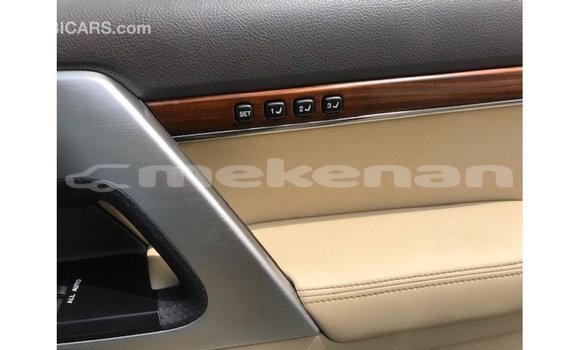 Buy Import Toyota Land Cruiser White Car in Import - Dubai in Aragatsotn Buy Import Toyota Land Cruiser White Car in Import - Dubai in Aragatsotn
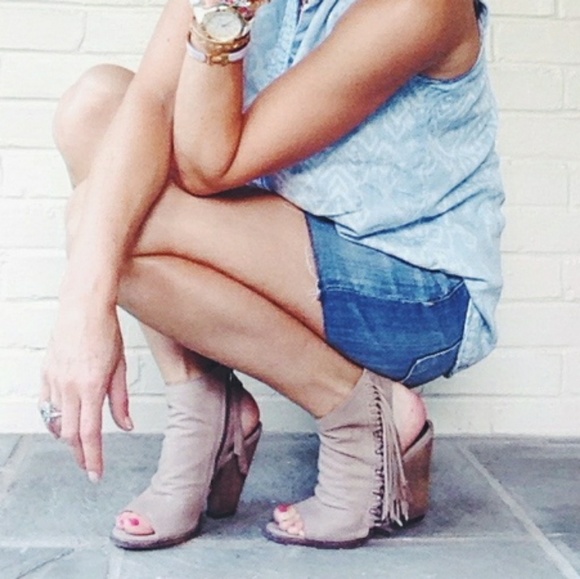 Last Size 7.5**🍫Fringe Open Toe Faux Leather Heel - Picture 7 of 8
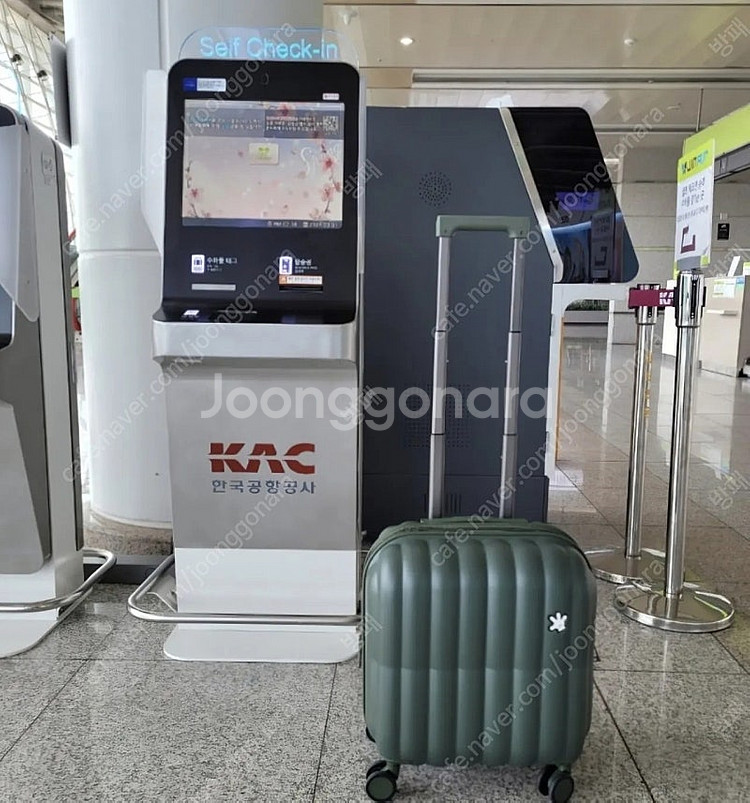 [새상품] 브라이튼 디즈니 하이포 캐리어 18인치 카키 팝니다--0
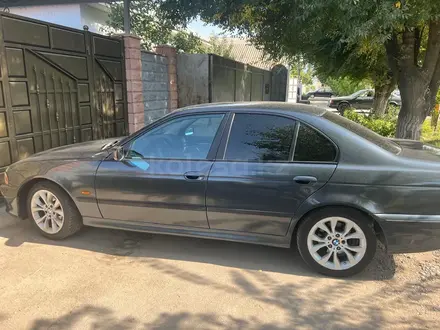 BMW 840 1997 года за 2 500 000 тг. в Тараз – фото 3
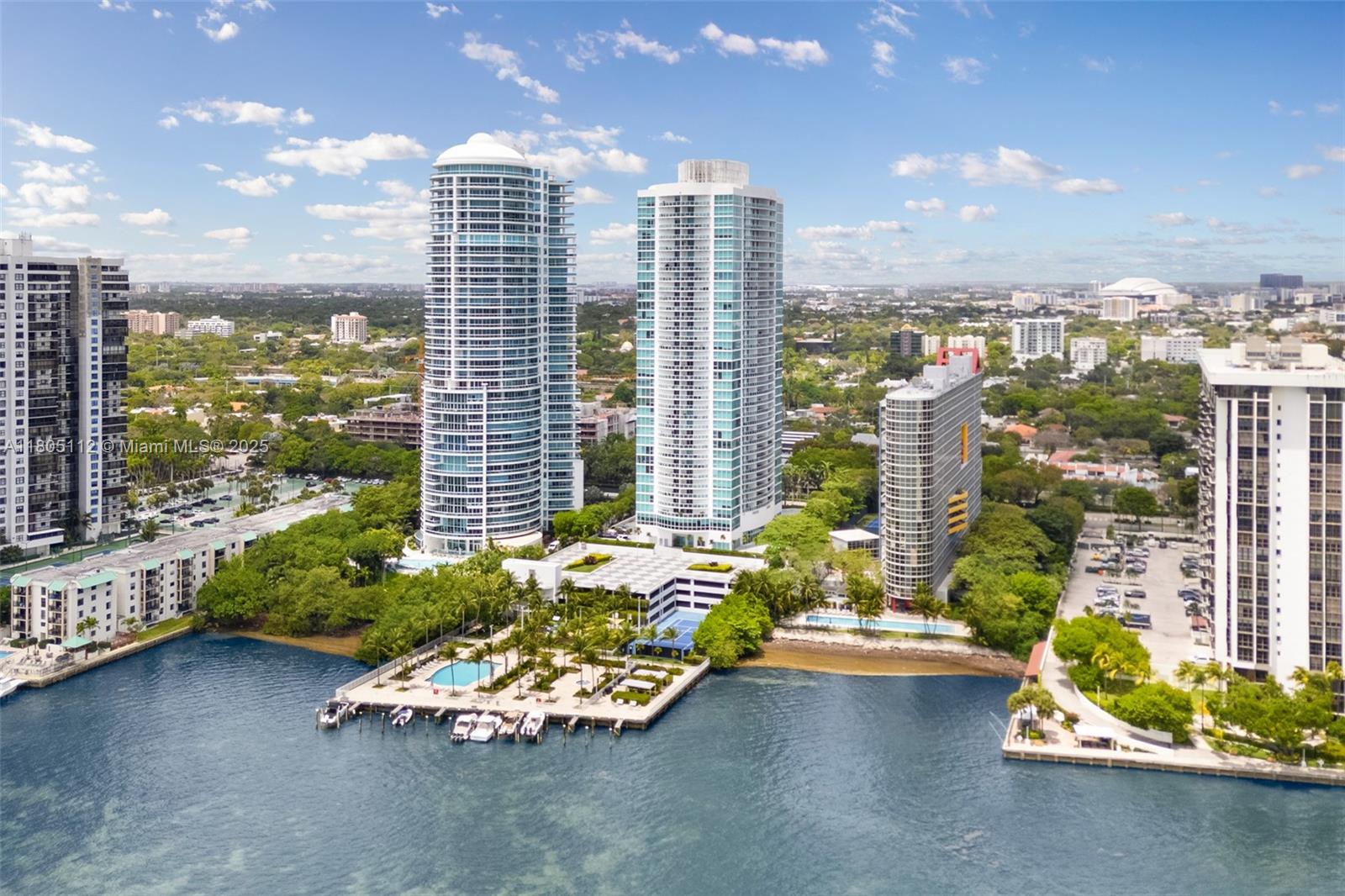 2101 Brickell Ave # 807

**What to do**
Wherever an image sits in the data, omit it; everything else must be copied exactly.

**Answer to this problem**
 Buy Import Toyota Land Cruiser White Car in Import - Dubai in Aragatsotn Buy Import Toyota Land Cruiser White Car in Import - Dubai in Aragatsotn
 Last Size 7.5**🍫Fringe Open Toe Faux Leather Heel - Picture 7 of 8
 [새상품] 브라이튼 디즈니 하이포 캐리어 18인치 카키 팝니다--0
 BMW 840 1997 года за 2 500 000 тг. в Тараз – фото 3
 2101 Brickell Ave # 807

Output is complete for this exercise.